I first implemented query search using SimpleQueryString shown as follows.
Entity Definition
@Entity
@Indexed
@AnalyzerDef(name = "whitespace", tokenizer = @TokenizerDef(factory = WhitespaceTokenizerFactory.class),
filters = {
@TokenFilterDef(factory = LowerCaseFilterFactory.class),
@TokenFilterDef(factory = ASCIIFoldingFilterFactory.class)
})
public class AdAccount implements SearchableEntity, Serializable {
@Id
@DocumentId
@Column(name = "ID")
@GeneratedValue(strategy = GenerationType.AUTO)
private Long id;
@Field(store = Store.YES, analyzer = @Analyzer(definition = "whitespace"))
@Column(name = "NAME")
private String name;
//other properties and getters/setters
}
I use the white space tokenizer factory here because the default standard analyzer ignores special characters, which is not ideal in my use case. The document I referred to is https://lucene.apache.org/solr/guide/6_6/tokenizers.html#Tokenizers-WhiteSpaceTokenizer. In this document it states that Simple tokenizer that splits the text stream on whitespace and returns sequences of non-whitespace characters as tokens.
SimpleQueryString Method
protected Query inputFilterBuilder() {
SimpleQueryStringMatchingContext simpleQueryStringMatchingContext = queryBuilder.simpleQueryString().onField("name");
return simpleQueryStringMatchingContext
.withAndAsDefaultOperator()
.matching(searchRequest.getQuery() + "*").createQuery();
}
searchRequest.getQuery() returns the search query string, then I append the prefix operator in the end so that it supports prefix query.
However, this does not work as expected with the following example. Say I have an entity whose name is "AT&T Account", when searching with "AT&", it does not return this entity.

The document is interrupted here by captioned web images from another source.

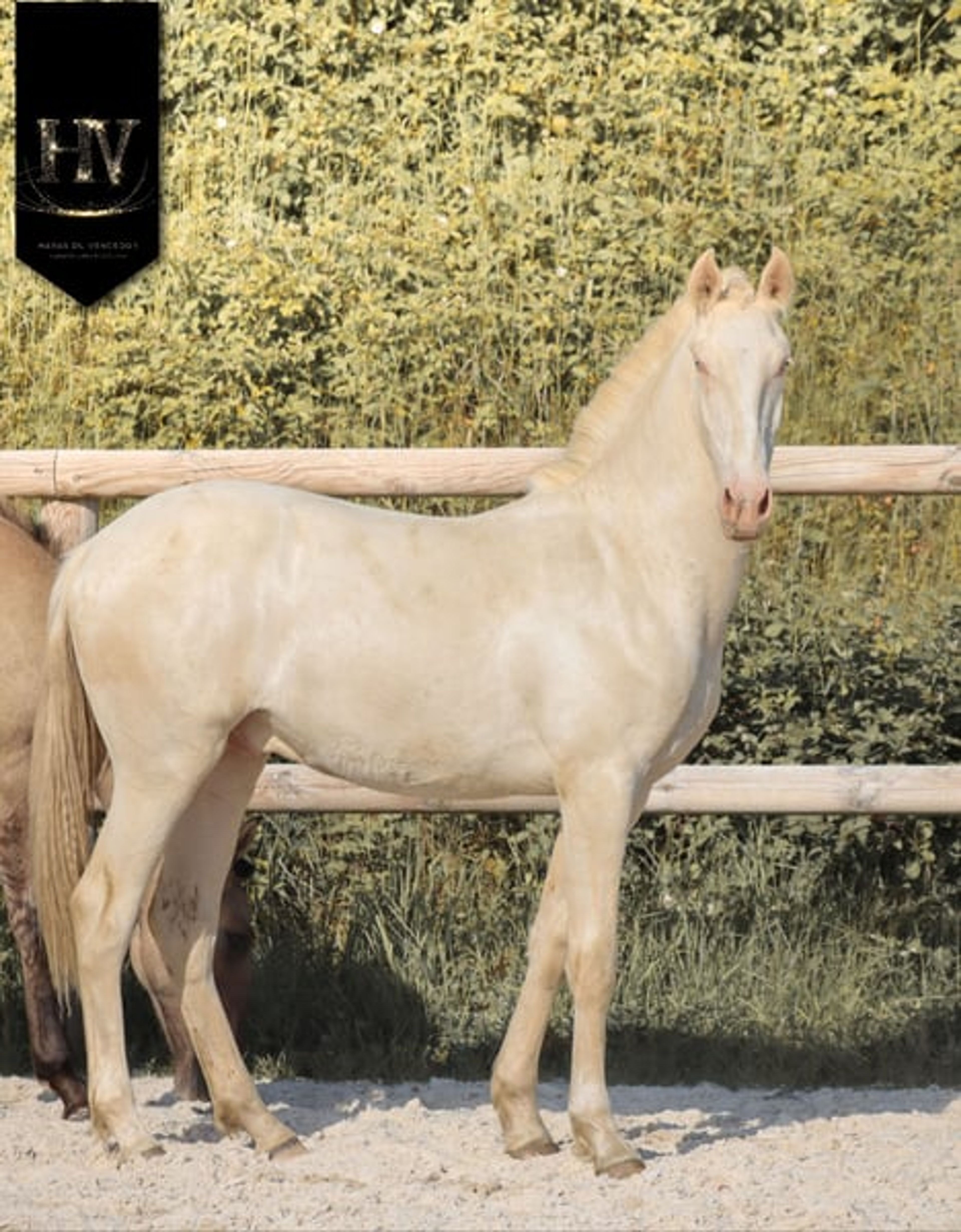 Crème Lusitanian Foal - Image 2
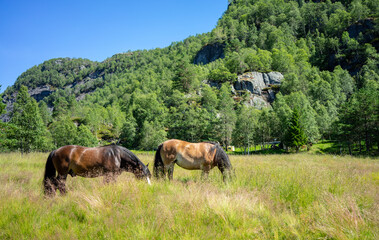 Fototapeta na wymiar Two horses grazing on a field.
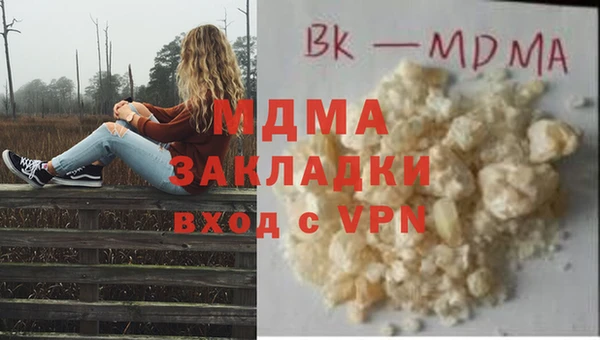 прущие грибы Алексеевка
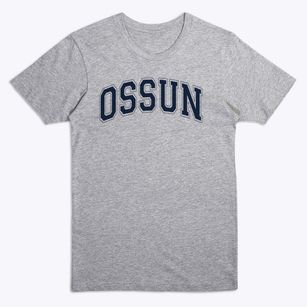 Ossun Elementary School Varsity Arch Premium T-Shirt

I then made the following changes to directly use a white space analyzer. This time searching with "AT&" works as expected. But the search is case sensitive now, i.e, searching with "at&" returns nothing now.
@Field
@Analyzer(impl = WhitespaceAnalyzer.class)
@Column(name = "NAME")
private String name;
My questions are:
Why doesn't it work when I use the white space factory in my first attempt? I assume using the factory versus using the actual analyzer implementation is different?
How to make my search case-insensitive if I use the @Analyzer annotation as in my second attempt?